Funny Games U.S. (2007)
Wiele osób wyrywa sobie włosy z głów i zadaje łamliwym głosem pytanie "Po co to kręciłeś, Haneke?". Cóż, wystarczy spojrzeć na tytuł i dodane do niego "U.S.", by wiedzieć. Rzeczywistość jest okrutna, Amerykanie, poza nielicznymi wyjątkami, nie oglądają filmów zagranicznych, zwłaszcza, kiedy muszą czytać. "Funny Games" nikt praktycznie nie widział, a skoro film był dobry, to dlaczego nie zaprezentować go publiczności. To, że sztuka się nie udała i nową wersję też mało kto obejrzał, to już zupełnie inna para kaloszy.

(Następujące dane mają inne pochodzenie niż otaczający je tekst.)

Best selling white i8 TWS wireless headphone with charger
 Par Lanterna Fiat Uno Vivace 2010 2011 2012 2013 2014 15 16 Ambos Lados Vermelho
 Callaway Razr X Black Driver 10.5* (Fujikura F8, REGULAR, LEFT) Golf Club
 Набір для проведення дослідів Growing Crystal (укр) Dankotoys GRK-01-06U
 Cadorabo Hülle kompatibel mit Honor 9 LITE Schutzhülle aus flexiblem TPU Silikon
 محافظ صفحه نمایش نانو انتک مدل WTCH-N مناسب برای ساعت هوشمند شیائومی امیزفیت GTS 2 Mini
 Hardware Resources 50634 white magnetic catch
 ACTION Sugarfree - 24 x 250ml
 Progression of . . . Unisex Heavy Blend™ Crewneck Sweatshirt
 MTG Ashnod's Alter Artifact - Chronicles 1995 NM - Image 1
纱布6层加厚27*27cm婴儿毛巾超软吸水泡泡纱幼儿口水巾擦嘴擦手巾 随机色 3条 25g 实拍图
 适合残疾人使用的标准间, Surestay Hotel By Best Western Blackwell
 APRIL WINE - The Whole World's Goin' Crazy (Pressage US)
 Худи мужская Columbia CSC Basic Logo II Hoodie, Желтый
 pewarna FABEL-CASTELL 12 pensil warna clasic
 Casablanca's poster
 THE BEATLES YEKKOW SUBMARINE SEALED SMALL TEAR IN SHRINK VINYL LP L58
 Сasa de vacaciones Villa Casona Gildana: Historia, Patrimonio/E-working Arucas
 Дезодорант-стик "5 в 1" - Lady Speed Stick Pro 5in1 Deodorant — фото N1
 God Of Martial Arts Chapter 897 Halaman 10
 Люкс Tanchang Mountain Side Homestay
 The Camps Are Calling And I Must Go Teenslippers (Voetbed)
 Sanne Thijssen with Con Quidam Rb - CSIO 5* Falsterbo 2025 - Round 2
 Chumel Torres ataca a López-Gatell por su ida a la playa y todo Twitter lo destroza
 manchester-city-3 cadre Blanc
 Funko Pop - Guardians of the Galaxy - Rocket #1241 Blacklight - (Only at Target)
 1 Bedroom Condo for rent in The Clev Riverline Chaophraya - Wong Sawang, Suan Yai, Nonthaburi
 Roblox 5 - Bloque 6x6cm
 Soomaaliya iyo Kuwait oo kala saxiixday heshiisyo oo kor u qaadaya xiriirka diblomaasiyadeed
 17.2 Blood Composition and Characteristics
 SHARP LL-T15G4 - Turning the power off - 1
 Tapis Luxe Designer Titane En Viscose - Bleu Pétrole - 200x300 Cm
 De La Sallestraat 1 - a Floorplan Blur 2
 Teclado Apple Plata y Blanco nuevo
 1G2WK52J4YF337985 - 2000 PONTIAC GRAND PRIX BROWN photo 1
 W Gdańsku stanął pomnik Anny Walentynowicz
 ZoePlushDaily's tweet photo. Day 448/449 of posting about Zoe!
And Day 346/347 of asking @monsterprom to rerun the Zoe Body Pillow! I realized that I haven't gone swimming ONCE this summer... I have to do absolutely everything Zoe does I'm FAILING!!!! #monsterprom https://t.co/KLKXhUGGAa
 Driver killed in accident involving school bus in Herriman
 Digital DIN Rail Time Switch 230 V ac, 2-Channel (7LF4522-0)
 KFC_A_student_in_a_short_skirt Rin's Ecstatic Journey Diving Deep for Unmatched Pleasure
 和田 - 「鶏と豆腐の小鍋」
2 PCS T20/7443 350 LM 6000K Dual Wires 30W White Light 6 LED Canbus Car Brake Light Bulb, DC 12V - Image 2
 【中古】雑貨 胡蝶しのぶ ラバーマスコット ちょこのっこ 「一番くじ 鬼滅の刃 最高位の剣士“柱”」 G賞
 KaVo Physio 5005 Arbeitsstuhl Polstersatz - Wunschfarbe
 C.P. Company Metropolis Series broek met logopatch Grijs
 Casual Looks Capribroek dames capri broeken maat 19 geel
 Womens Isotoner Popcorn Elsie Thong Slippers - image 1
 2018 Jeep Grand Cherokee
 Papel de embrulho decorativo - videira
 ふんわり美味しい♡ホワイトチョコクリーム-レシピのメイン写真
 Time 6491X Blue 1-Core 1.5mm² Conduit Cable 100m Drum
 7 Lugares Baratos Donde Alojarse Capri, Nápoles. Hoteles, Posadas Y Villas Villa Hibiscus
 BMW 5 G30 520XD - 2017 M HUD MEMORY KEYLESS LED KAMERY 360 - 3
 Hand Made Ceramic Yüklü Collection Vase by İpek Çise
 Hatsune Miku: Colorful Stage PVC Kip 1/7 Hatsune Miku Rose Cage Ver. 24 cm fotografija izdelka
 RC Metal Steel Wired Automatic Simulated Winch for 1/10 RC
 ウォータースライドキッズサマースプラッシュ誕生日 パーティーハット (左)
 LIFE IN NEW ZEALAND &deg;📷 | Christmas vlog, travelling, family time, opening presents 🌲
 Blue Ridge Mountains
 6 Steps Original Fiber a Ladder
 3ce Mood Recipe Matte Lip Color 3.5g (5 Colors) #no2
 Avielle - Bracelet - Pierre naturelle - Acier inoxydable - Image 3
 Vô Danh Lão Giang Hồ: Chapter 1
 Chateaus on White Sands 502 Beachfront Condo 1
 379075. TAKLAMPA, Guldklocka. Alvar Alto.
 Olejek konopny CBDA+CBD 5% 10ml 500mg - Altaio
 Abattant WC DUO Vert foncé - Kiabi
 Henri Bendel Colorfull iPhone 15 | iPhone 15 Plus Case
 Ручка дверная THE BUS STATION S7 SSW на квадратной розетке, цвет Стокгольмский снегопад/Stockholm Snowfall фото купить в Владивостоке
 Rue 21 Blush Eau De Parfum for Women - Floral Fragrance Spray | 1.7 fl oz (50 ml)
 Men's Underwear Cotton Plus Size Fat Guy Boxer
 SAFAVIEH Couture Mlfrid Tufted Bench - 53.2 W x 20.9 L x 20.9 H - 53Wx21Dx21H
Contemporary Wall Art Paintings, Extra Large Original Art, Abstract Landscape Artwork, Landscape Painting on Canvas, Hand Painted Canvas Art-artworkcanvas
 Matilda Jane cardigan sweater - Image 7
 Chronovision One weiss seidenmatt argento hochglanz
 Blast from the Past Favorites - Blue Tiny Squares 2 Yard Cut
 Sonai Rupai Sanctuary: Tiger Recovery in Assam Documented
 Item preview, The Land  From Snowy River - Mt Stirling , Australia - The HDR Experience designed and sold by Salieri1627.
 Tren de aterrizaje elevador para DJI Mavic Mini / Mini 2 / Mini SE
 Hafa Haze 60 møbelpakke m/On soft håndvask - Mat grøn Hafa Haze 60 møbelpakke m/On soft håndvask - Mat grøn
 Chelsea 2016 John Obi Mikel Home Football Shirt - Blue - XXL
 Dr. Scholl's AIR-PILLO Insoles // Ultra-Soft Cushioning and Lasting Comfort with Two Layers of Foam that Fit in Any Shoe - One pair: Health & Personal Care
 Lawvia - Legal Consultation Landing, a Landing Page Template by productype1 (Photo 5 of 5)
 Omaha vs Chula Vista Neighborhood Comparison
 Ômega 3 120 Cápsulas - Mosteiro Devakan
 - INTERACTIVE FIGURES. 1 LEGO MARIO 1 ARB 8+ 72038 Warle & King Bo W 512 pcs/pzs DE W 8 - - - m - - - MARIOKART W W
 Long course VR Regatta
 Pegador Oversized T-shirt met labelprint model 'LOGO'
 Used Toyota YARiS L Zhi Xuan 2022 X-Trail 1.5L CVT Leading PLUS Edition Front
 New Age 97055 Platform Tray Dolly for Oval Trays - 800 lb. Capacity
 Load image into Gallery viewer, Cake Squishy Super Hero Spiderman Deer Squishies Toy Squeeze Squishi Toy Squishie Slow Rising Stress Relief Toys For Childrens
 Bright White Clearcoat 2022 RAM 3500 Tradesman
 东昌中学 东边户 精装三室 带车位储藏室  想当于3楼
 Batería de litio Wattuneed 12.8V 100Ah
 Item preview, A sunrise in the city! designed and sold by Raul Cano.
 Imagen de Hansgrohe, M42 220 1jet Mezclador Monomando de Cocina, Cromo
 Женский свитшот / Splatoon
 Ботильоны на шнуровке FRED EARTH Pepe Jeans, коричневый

Prawdziwe pytanie brzmi jednak, dlaczego obejrzało się ten film. Cóż, w moim przypadku chodziło o sprawdzenie, jak kontekst opowieści wpływa na samą opowieść, jej przesłanie i możliwe interpretacje. Patrząc tak na "Funny Games U.S.", warto było film obejrzeć, bo też kontekst jest istotny. Dla Amerykanów własność prywatna, dom to świętość. Wkroczenie do niej dwójki młodych, kulturalnych chłopaków, którzy okazują się sadystycznymi mordercami, ustawia całą opowieść zupełnie inaczej niż to było w oryginale. Tu przemoc zeszła (przynajmniej w moich oczach) na drugi plan, podobnie jak i interakcja przestępców z widownią czy cofnięcie nieplanowanego zachowania. To, co mnie zainteresowało w nowym Hanekenie, to portret ofiary.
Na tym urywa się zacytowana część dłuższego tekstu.